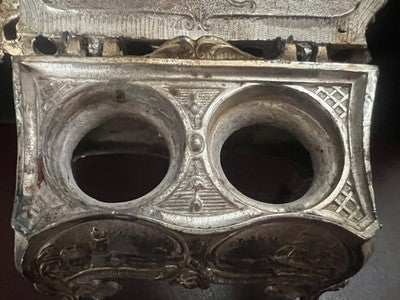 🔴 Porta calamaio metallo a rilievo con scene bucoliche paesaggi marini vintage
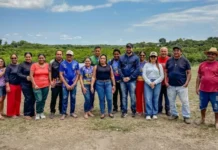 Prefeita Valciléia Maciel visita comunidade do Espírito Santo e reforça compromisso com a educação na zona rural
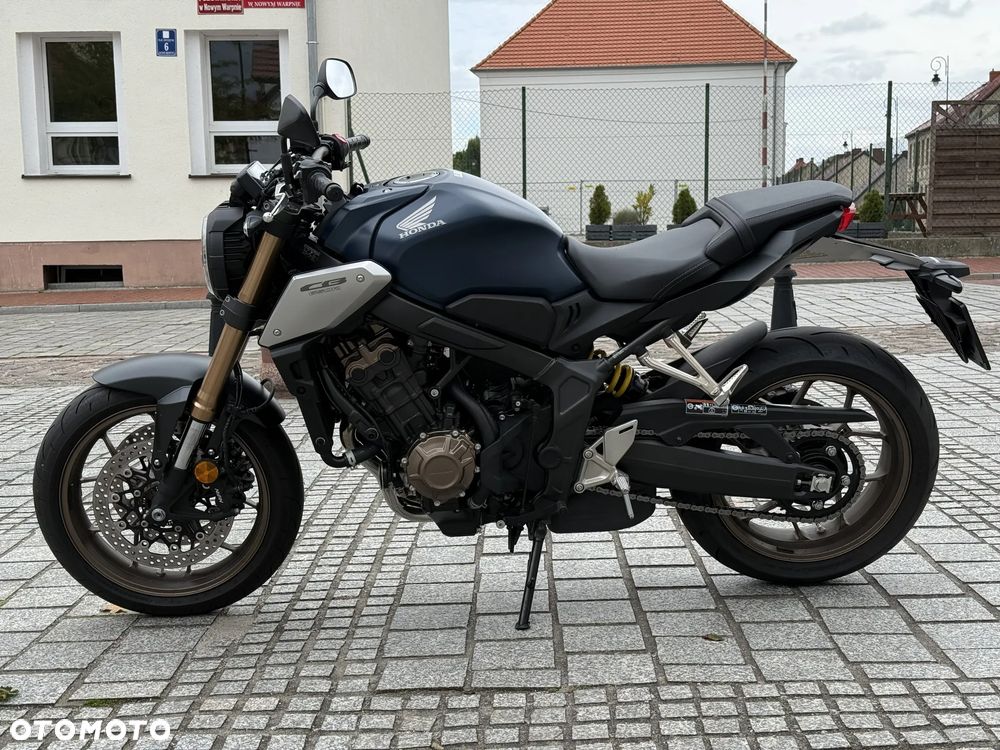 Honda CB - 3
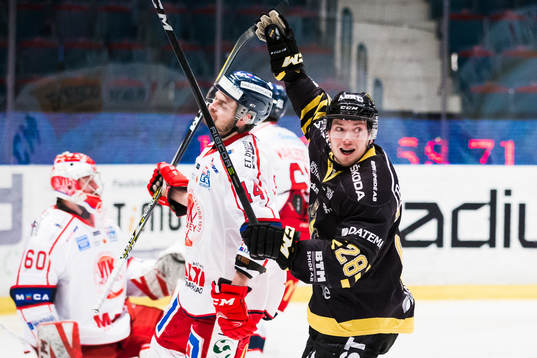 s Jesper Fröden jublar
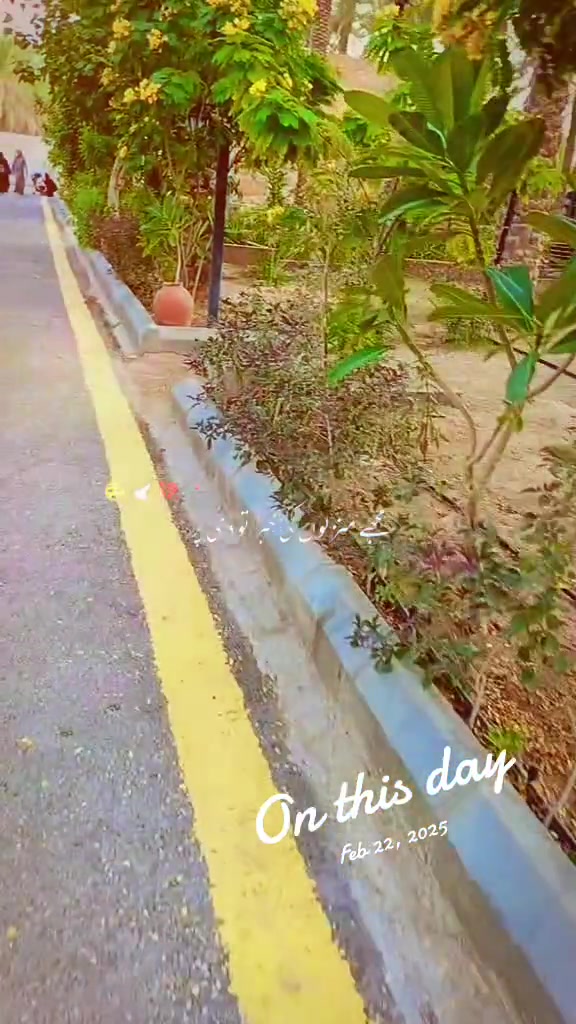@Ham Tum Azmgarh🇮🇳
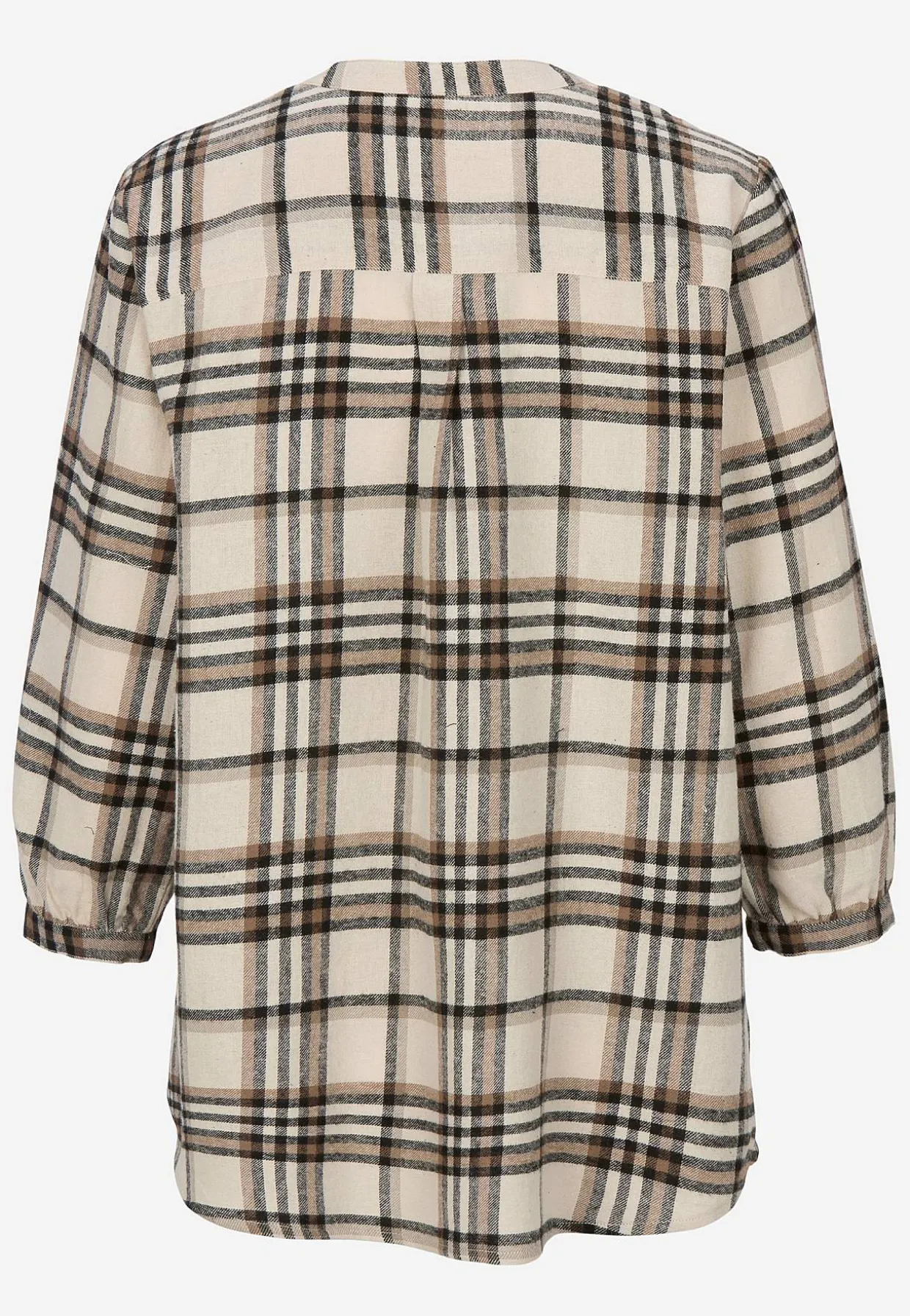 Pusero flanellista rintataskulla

• • • • •

■ **Task instructions**
The expected response is every entry above, repeated exactly, pictures removed.

■ **Task result**
 🔴 Porta calamaio metallo a rilievo con scene bucoliche paesaggi marini vintage
 Prefeita Valciléia Maciel visita comunidade do Espírito Santo e reforça compromisso com a educação na zona rural
 Honda CB - 3
 s Jesper Fröden jublar
@Ham Tum Azmgarh🇮🇳
 Pusero flanellista rintataskulla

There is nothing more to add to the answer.